> **Task requirements**:
As the answer, set down the lines below from the one containing "4 Minutos para o Fim do Mundo постер" through the one containing "UNIFORM BELT, YOUTH MAROON", exactly and inclusively, and no others.
-- Records for the exercise follows --
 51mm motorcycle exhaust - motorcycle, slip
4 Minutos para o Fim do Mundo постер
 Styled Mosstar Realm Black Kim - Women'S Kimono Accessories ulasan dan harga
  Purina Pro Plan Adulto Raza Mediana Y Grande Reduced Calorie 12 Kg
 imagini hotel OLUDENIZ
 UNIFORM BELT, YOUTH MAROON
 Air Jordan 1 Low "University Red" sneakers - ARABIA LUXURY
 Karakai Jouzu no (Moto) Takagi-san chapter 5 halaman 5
-- Records for the exercise concluded --
-- Records for the exercise follows --
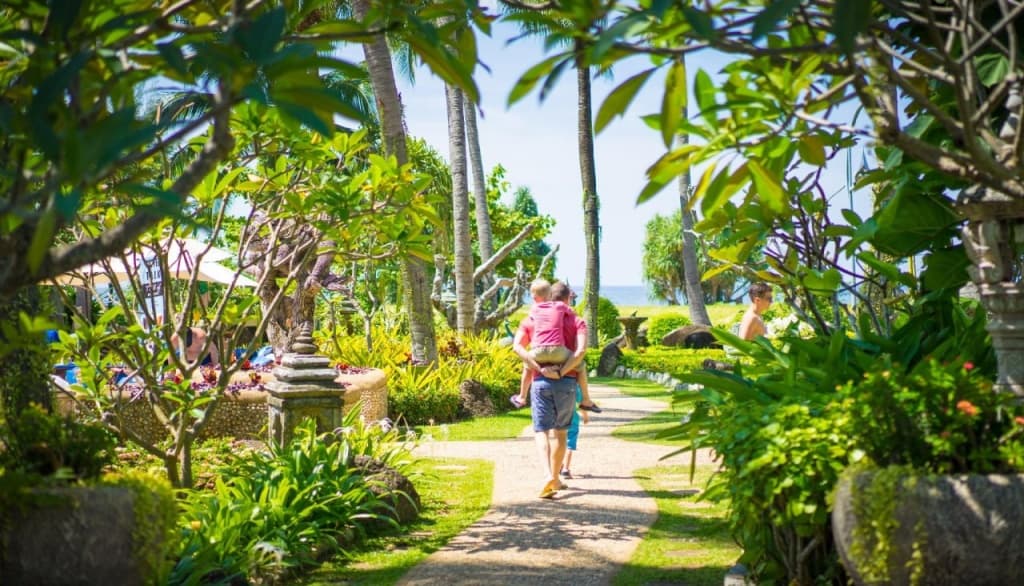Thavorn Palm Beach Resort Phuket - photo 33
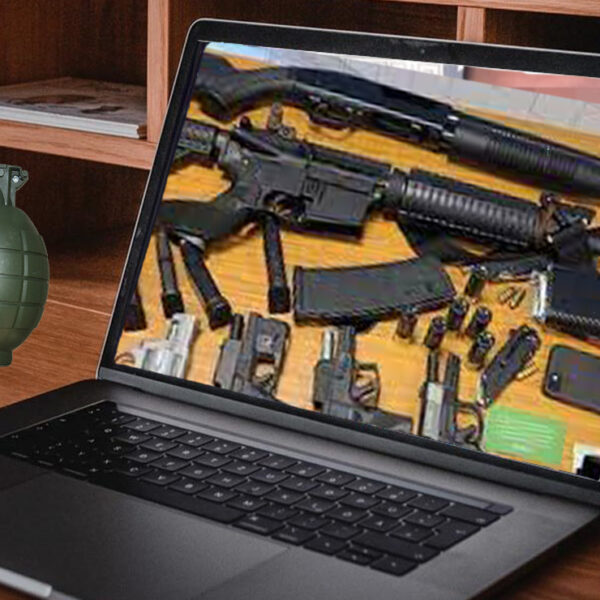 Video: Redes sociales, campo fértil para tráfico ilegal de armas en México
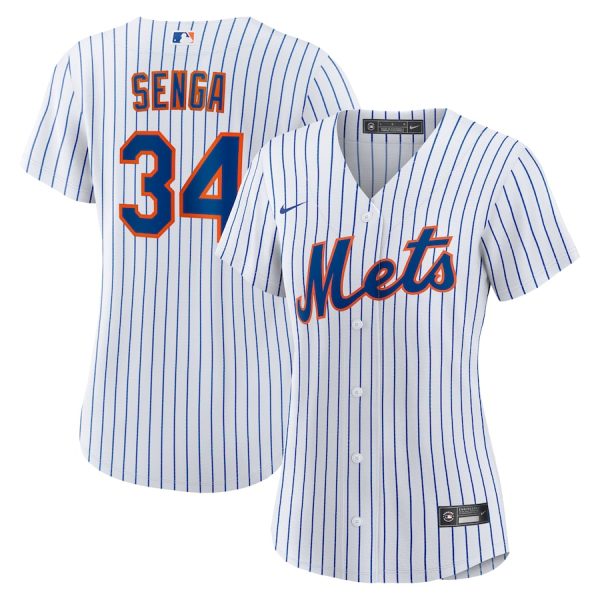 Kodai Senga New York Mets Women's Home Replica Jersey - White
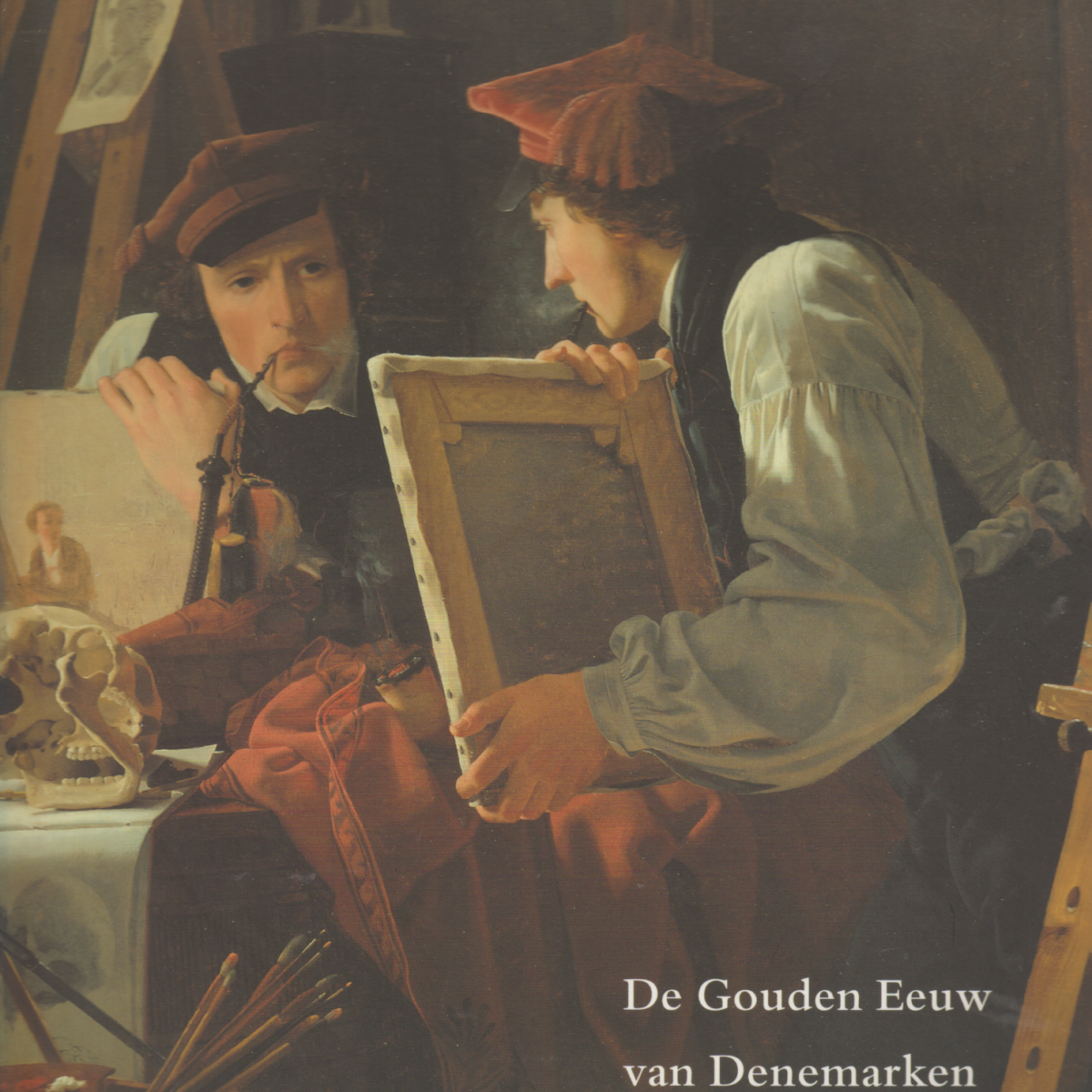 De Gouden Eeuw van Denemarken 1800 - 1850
-- Records for the exercise concluded --
-- Records for the exercise follows --
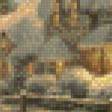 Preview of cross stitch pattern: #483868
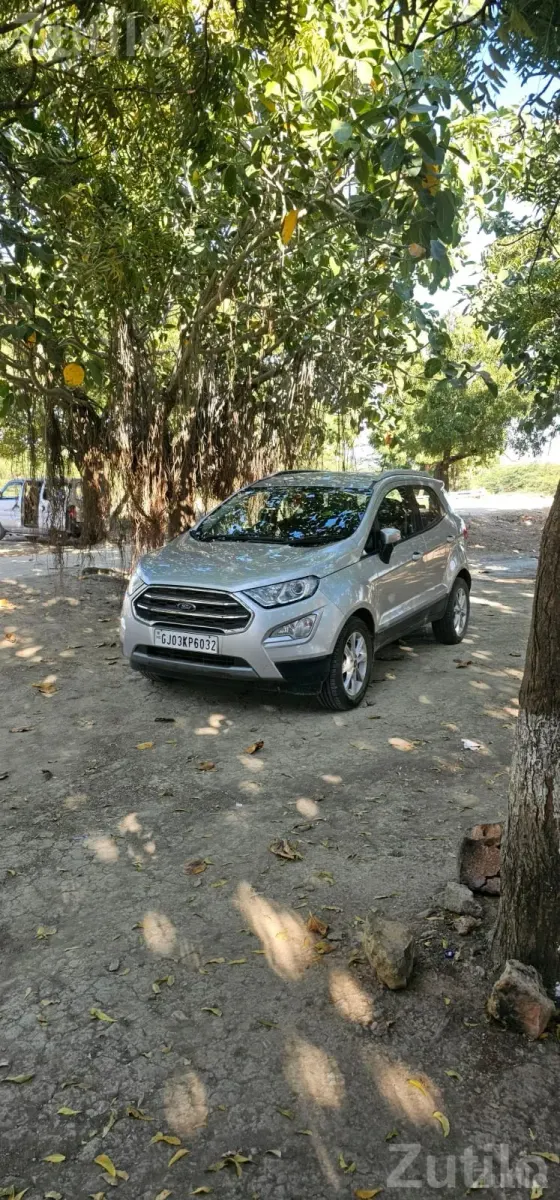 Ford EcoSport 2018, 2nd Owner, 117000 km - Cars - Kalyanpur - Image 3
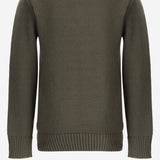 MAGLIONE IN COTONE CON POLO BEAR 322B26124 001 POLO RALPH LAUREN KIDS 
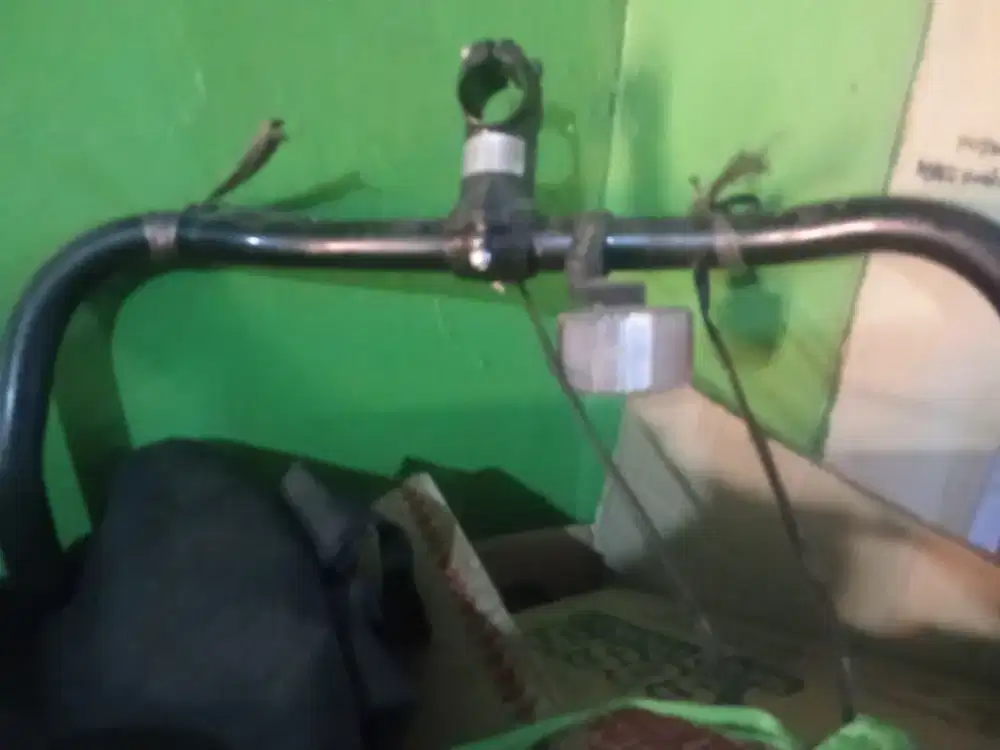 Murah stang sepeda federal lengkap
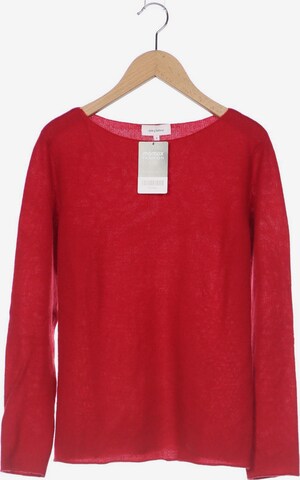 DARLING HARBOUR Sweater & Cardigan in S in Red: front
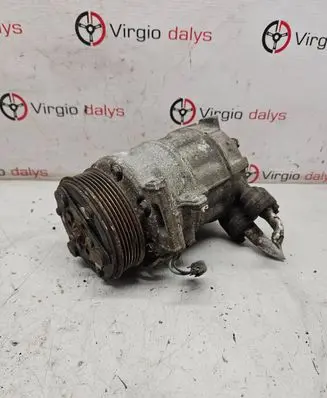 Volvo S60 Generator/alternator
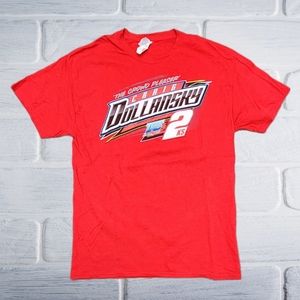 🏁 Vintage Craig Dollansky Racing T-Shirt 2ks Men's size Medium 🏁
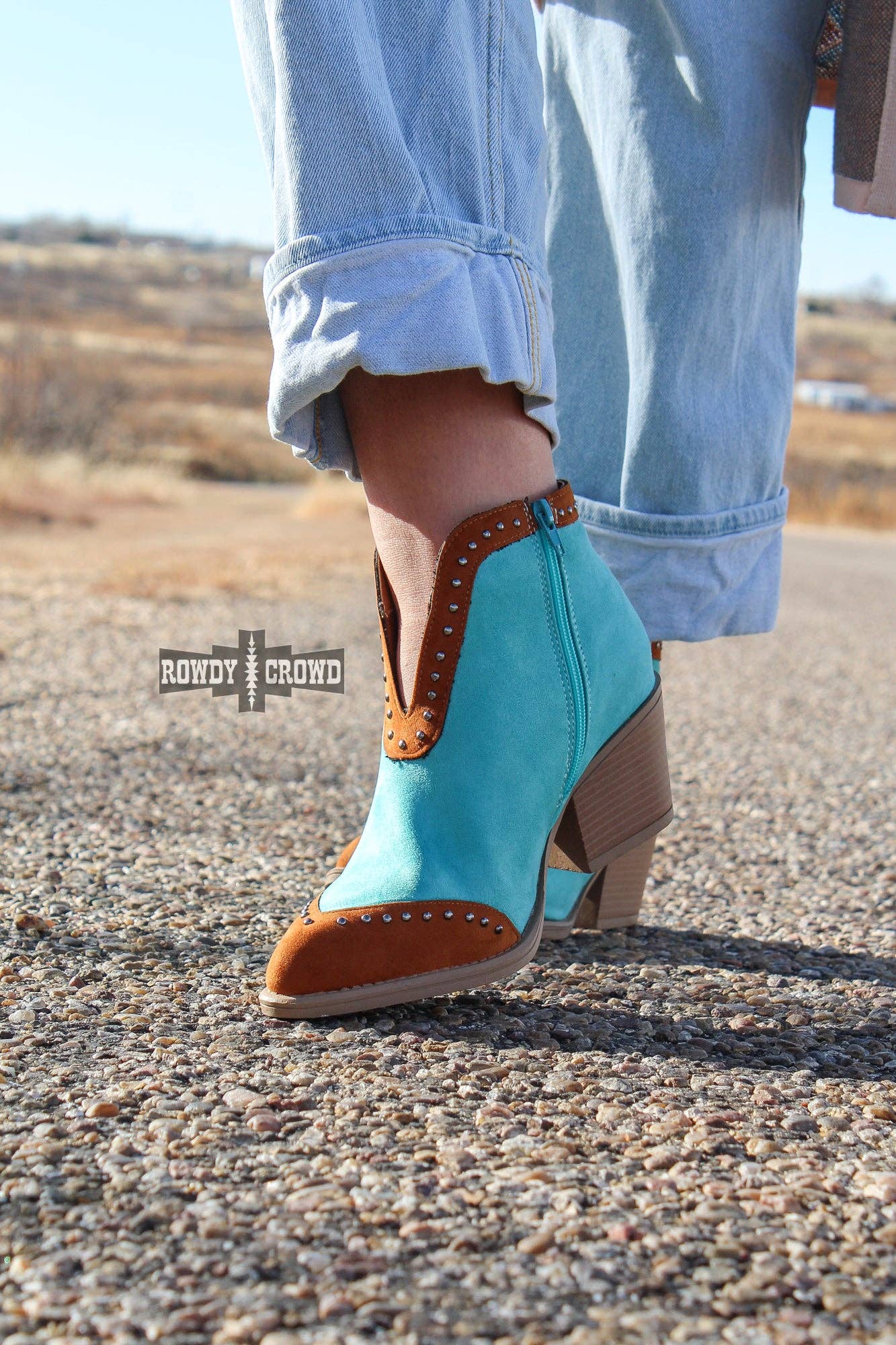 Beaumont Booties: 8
-- Records for the exercise concluded --
> **Answer to this task**:
4 Minutos para o Fim do Mundo постер
 Styled Mosstar Realm Black Kim - Women'S Kimono Accessories ulasan dan harga
  Purina Pro Plan Adulto Raza Mediana Y Grande Reduced Calorie 12 Kg
 imagini hotel OLUDENIZ
 UNIFORM BELT, YOUTH MAROON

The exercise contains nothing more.